Not what I am aware of. But the order of initialization, when a git command
is executed, some need a worktree or .git directory, some not, is somewhat
beyond my yet expertise.

>Is per-worktree config  involved that is trying to read from one but the auto-probing code
> is setting it to another, or something silly like that?
No, not to my understanding.
We have a "local" config (per repo), that is there and has the right value.
However, for some reason we miss to read the repo-config here,
when argv[] needs to be precomposed.
Reading the global config does work, but if core.precomposeunicode is
not set here, but set in the repo-config, we miss that.

>
> Thanks for working well together, both of you.
Yes, please let someone join the force, reading the callstack(s) and
try to find what is wrong here.
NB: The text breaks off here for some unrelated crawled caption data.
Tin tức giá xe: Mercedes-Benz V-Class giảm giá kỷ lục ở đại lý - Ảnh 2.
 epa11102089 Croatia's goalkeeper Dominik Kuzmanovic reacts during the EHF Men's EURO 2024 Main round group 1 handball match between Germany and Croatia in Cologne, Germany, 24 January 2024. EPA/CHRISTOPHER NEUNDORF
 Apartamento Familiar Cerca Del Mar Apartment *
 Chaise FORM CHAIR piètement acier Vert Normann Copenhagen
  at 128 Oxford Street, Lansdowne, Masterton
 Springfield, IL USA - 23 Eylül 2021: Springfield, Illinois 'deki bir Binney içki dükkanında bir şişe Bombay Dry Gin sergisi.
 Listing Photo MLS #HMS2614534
I will try to do the same.
diff mbox series

Patch

diff --git a/compat/precompose_utf8.c b/compat/precompose_utf8.c
index 0bd5c24250..5a7c90c90d 100644
--- a/compat/precompose_utf8.c
+++ b/compat/precompose_utf8.c
@@ -94,6 +94,16 @@  const char *precompose_string_if_needed(const char *in)
 	return in;
 }

+void precompose_strbuf_if_needed(struct strbuf *sb)
+{
+	char *buf_prec = (char *)precompose_string_if_needed(sb->buf);
+	if (buf_prec != sb->buf) {
+		size_t buf_prec_len = strlen(buf_prec);
+		free(strbuf_detach(sb, NULL));
+		strbuf_attach(sb, buf_prec, buf_prec_len, buf_prec_len + 1);
+	}
+}
+
 const char *precompose_argv_prefix(int argc, const char **argv, const char *prefix)
 {
 	int i = 0;
diff --git a/compat/precompose_utf8.h b/compat/precompose_utf8.h
index fea06cf28a..7c3cfcadb0 100644
--- a/compat/precompose_utf8.h
+++ b/compat/precompose_utf8.h
@@ -30,6 +30,7 @@  typedef struct {

 const char *precompose_argv_prefix(int argc, const char **argv, const char *prefix);
 const char *precompose_string_if_needed(const char *in);
+void precompose_strbuf_if_needed(struct strbuf *sb);
 void probe_utf8_pathname_composition(void);

 PREC_DIR *precompose_utf8_opendir(const char *dirname);
diff --git a/git-compat-util.h b/git-compat-util.h
index ca7678a379..892e1f9067 100644
--- a/git-compat-util.h
+++ b/git-compat-util.h
@@ -344,6 +344,7 @@  static inline const char *precompose_string_if_needed(const char *in)
 	return in;
 }

+#define precompose_strbuf_if_needed(a)
 #define probe_utf8_pathname_composition()
 #endif

diff --git a/strbuf.c b/strbuf.c
index 0d929e4e19..d5b4b3903a 100644
--- a/strbuf.c
+++ b/strbuf.c
@@ -592,6 +592,7 @@  int strbuf_getcwd(struct strbuf *sb)
 		strbuf_grow(sb, guessed_len);
 		if (getcwd(sb->buf, sb->alloc)) {
 			strbuf_setlen(sb, strlen(sb->buf));
+			precompose_strbuf_if_needed(sb);
 			return 0;
 		}

diff --git a/t/t0050-filesystem.sh b/t/t0050-filesystem.sh
index 325eb1c3cd..a24ec866d1 100755
--- a/t/t0050-filesystem.sh
+++ b/t/t0050-filesystem.sh
@@ -156,4 +156,15 @@  test_expect_success CASE_INSENSITIVE_FS 'checkout with no pathspec and a case in
 	)
 '

+test_expect_success 'git ls-files under NFD' '
+	(
+		mkdir -p somewhere/$aumlcdiar &&
+		mypwd=$PWD &&
+		cd somewhere/$aumlcdiar &&
+		git init &&
+		git --literal-pathspecs ls-files "$mypwd/somewhere/$aumlcdiar"  2>err &&
+		>expected &&
+		test_cmp expected err
+	)
+'
 test_done